This containerized application can be used to run workflows used for ingesting dataset metadata into a Dataverse instance. The different flows and tasks used in these workflows are created using Prefect. If you run the container locally they can be monitored and ran from the Prefect Orion UI at http://localhost:4200.
This project was originally funded under ODISSEI (https://odissei-data.nl/), as research funded by NWO (https://www.nwo.nl/). The exact grant number is unknown at present. The ingestion was delivered as part of the ODISSEI Portal section of the ODISSEI project, as are all related services. By name, Fjodor van Rijsselberg, Thomas van Erven, Vyacheslav Tykhonov were involved at it's cognition - but thanks belong to the ODISSEI team as a whole.
Accordingly, the LICENSE file has been updated honoring their commitment and work.
Most flows start with an entry workflow that can be found in the directory entry_workflows.
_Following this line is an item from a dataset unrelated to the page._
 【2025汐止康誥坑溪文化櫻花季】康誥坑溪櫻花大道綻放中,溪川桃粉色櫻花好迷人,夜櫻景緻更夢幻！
Here the metadata is first harvested using OAI-PMH and uploaded to S3 storage. After, the metadata is fetched from that S3 storage, and a provenance object is created for the ingested metadata. A settings dictionary constructed with DynaConf that is specific to the Data Provider is also constructed here.
Next, For every dataset's metadata it runs a sub-flow to handle the actual ingestion. These flows can be found in the dataset_workflows directory. The dataset workflow uses simple tasks that make an API call to a service. These services often transform, improve or alter the metadata in some way.
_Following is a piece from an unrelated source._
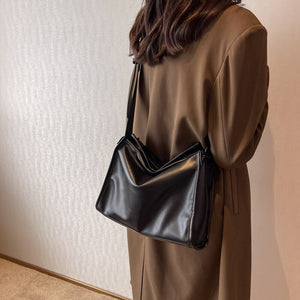 2023 Ladies New Style Shoulder Bag Fashion Big Bag Pillow Bag Soft Leather Women Bag Solid Color Ladies Messenger Bag
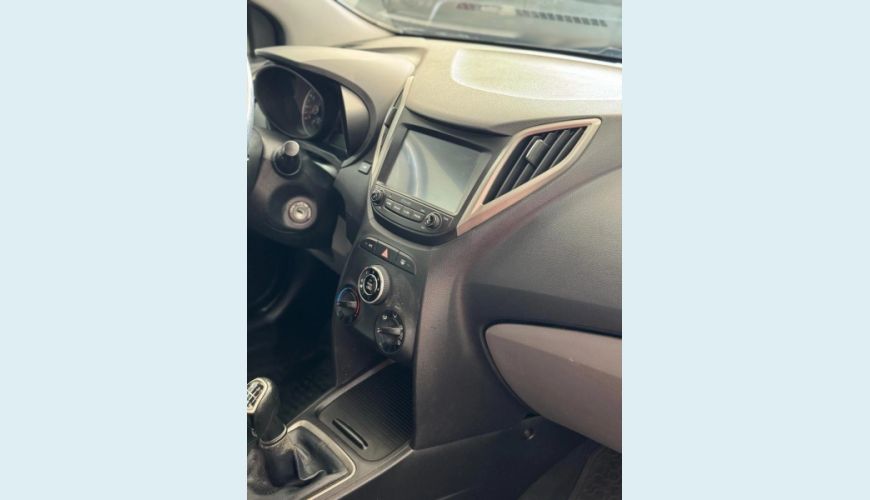 HYUNDAI HB 20S 1.6 COMFORT PLUS 16V FLEX 4P MANUAL - PRETO - 2019 Foto 8 (Grande)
In short, most ingestion workflows take the following steps:
- Harvest metadata and upload it to S3 storage.
- Fetch dataset metadata from S3 storage.
- Create version object of all services that will be used for ingestion.
- For every dataset's metadata run dataset workflow.
- Use tasks that make API calls to different services to transform the metadata.
In this section the different API services used in the workflows are shown. These services can be used in a workflow in different combinations, depending on the metadata provided by the data provider.
Service Name | Description | Deployment URL | GitHub Repo |
---|---|---|---|
Dataverse Importer | This service imports metadata into Dataverse. | https://dataverse-importer.labs.dansdemo.nl/docs | GitHub |
Publication Date Updater | Corrects the publication date of the imported metadata. | https://dataverse-date-updater.labs.dansdemo.nl/docs | GitHub |
Metadata Fetcher | Fetches the metadata of a dataset from a Dataverse. | https://dataverse-fetcher.labs.dansdemo.nl/docs | GitHub |
Dataverse Mapper | Maps any JSON to Dataverse's JSON format. | https://dataverse-mapper.labs.dansdemo.nl/docs | GitHub |
Dans Transformer Service | Transforms from XML to JSON (or from/to other formats). | https://transformer.labs.dansdemo.nl/docs | GitHub |
Metadata Refiner | Refines JSON metadata. | https://metadata-enhancer.labs.dansdemo.nl/docs | GitHub |
Metadata Enhancer | Enriches JSON metadata. | https://metadata-refiner.labs.dansdemo.nl/docs | GitHub |
Email Sanitizer | Removes all emails from the metadata. | https://emailsanitizer.labs.dansdemo.nl/docs | GitHub |
Version Tracker | Stores JSON containing version information. | https://version-tracker.labs.dansdemo.nl/docs | GitHub |
DOI Minter | Mints a DOI for a dataset. Should be used with CAUTION since if used with production settings this will mint a permanent DOI. | https://dataciteminter.labs.dansdemo.nl/docs | GitHub |
Semantic Enrichment | Enriches the SOLR index with ELSST translations of the keywords from the ELSST skosmos. | GitHub | |
OAI-PMH Harvester | Harvester service to harvest the metadata from data providers using OAI-PMH. | GitHub |
Here is a set list of make command that can be used for easy setup:
make build
: Build and start the project.make start
: Start the project in non-detached mode.make startbg
: Start the project in detached mode (background).make down
: Down the running project.make dev-build
: Build and start the development setup.make dev-down
: Down the ingest services in development mode.make deploy
: Deploy all ingestion workflows to the Prefect server.make ingest
: Run a specific ingest flow in Prefect with optional arguments for the target. It is also possible to specify if the metadata should be harvested. If not specified the metadata will be harvested.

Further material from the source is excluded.